PADDLE STEAMER TO SAIL ON THAMES DESPITE CHARITY CUTS
 

Balmoral & Waverley .................Pix: Courtesy Waverley Excursions
       
   

The paddle steamer Waverley will sail on the Thames this season – despite cutbacks that have seen her sister ship laid up.

Balmoral has been taken out of service for the moment and is laid up in Bristol because the charity Waverley Excursions describes as too great a financial risk after 2012’s poor summer.

Both ships have sailed on the Thames for three weeks each in recent years departing from Tower Pier and calling at various times at Woolwich, Tilbury, Southend, Clacton and Whitstable.

Waverley Excursions Chief Executive Kathleen O’Neill said: “If the sun shone every days we would have no problem in covering our costs. But after the past two summers we have had to rethink our operation.

”Balmoral is being well looked after by volunteers in Bristol. We have not ruled out some kind of use if it is possible but the ship will not be in service as usual.”

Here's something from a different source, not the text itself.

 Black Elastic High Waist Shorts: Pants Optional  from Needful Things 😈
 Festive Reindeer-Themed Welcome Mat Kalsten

She confirmed Waverley, one of the world's last surviving sea-going paddle steamers, will be on the Thames between September 27th and October 16th this year with timetables to be confirmed later.

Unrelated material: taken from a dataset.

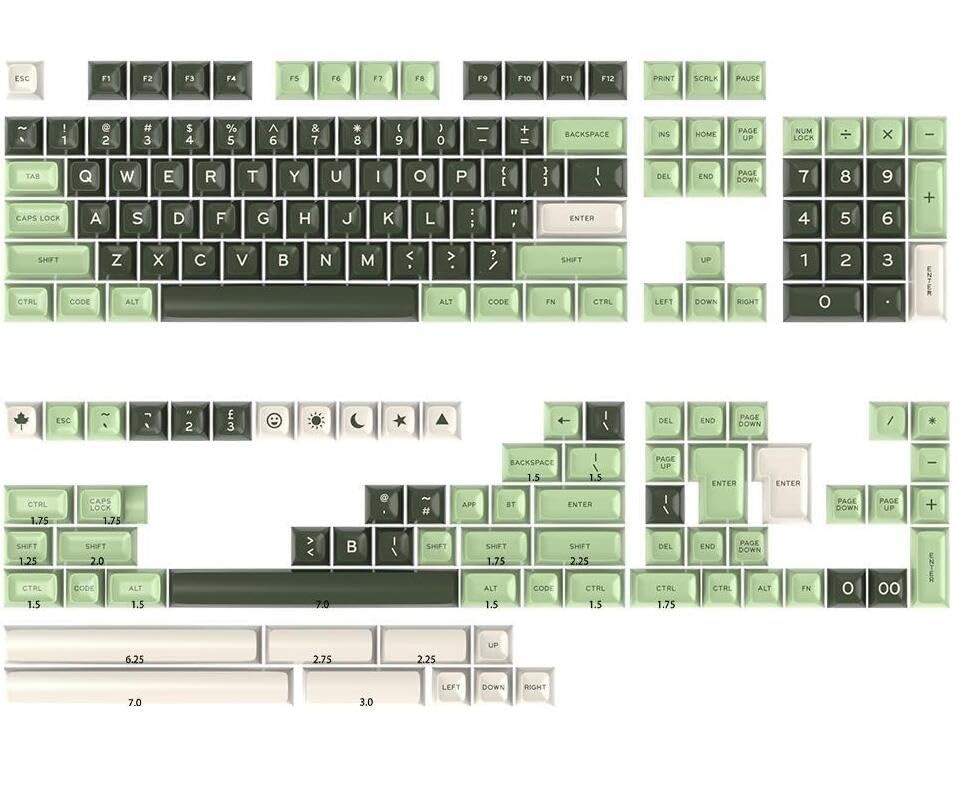 172 Keys PBT Keycaps SA Profile Custom Retro Key Caps Set Salon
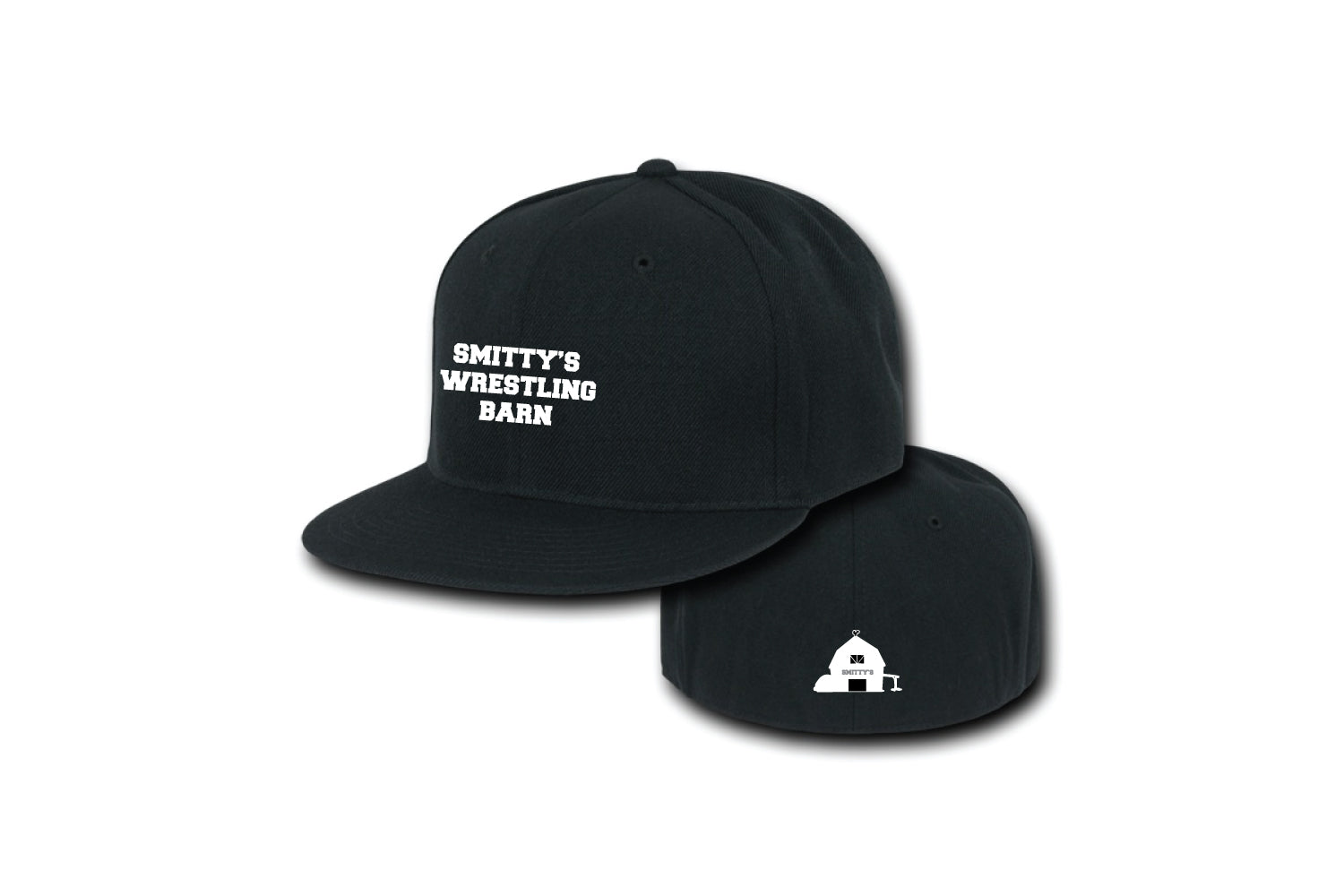 Smitty's Wrestling Barn Flexfit Cap - Black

Earlier the charitable company said: “Balmoral's operation has been hampered increasingly in recent years by extreme weather conditions. This has led to many cancelled or disrupted sailings, which has had a significant impact on the ship’s contribution to the charity. Waverley’s timetable is less susceptible to such disruptions.


“Clearly, we are unable to predict the weather for 2013, but none of the forecasters is predicting a significant improvement over recent years. After taking a wide range of considerations into account, the company has reluctantly decided that it would be too great a risk to operate Balmoral [this]  year, and that doing so would increase the threat to the future of both ships. We are not in a position to take such a risk and so will only be operating Waverley in 2013.

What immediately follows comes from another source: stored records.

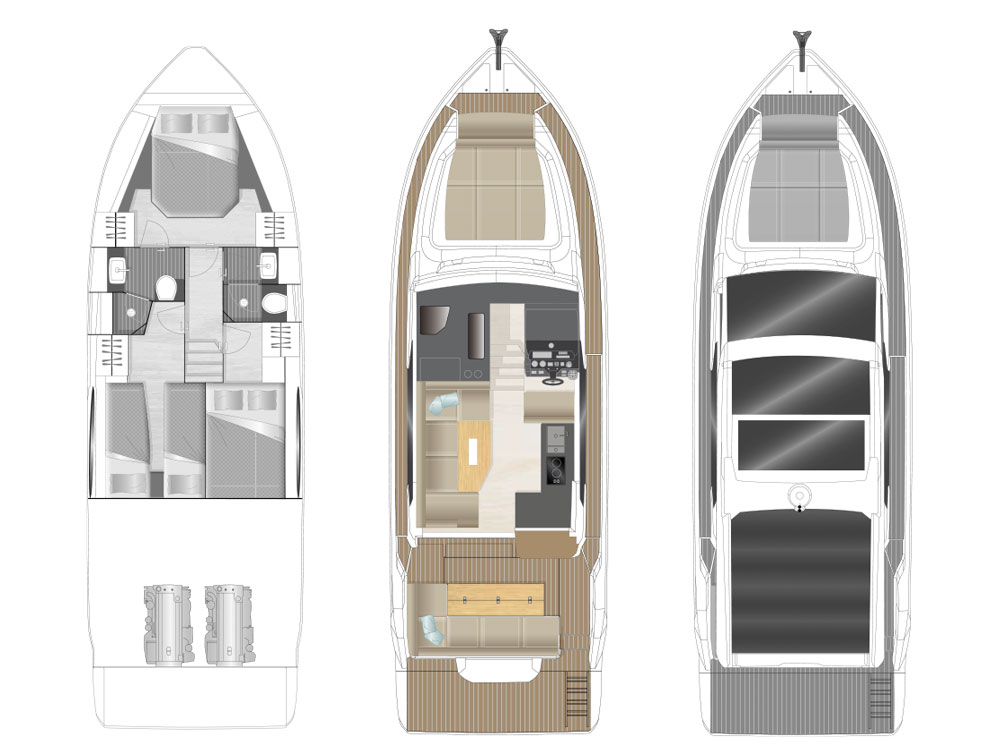 Wynajmij Sealine Sealine C390 w Kaštela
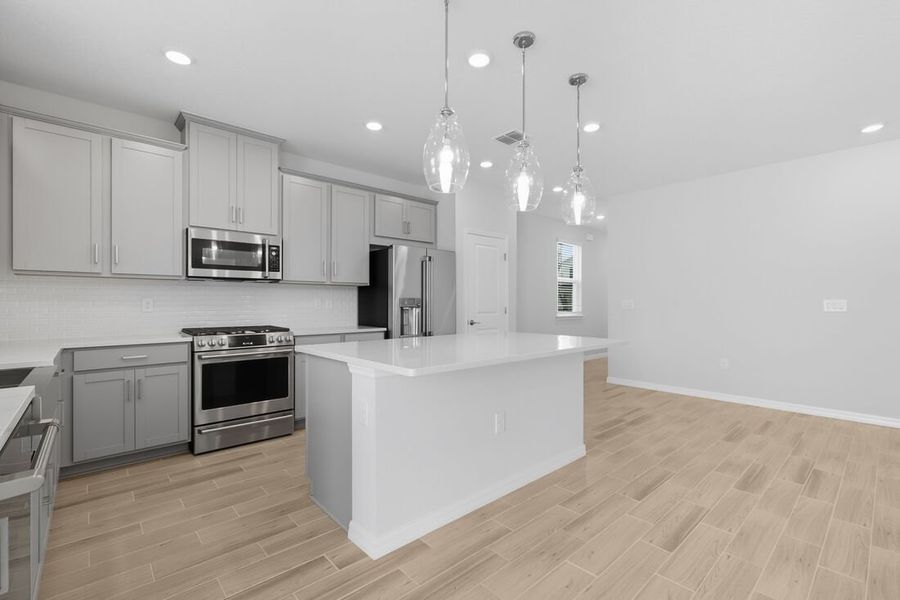 Furnished interior view inside a new home in Cherry Elm at SilverLeaf, St. Augustine (Image 7).
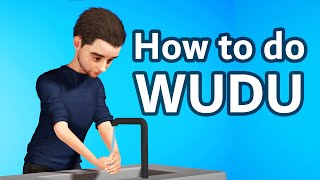 How to do wudu ablution  Step by Step [upl. by Kelbee]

“This has been a very difficult decision but we consider that it offers the best way in the current circumstances to ensure Waverley's continued operation."

Balmoral was built in Southampton in 1949 and operated under the Red Funnel flag for 20 years. She then moved to the Bristol Channel as part of the White Funnel fleet then on to Dundee to become a floating restaurant. After falling into disrepair she was eventually restored by supporters.

Waverley was built on the Clyde on 1947 to replace a vessel of the same name which sank at Dunkir, originally for use off the west coast of Scotland. A major restoration was completed ten years ago which returned the vessel to the original 1940s style in which she was built.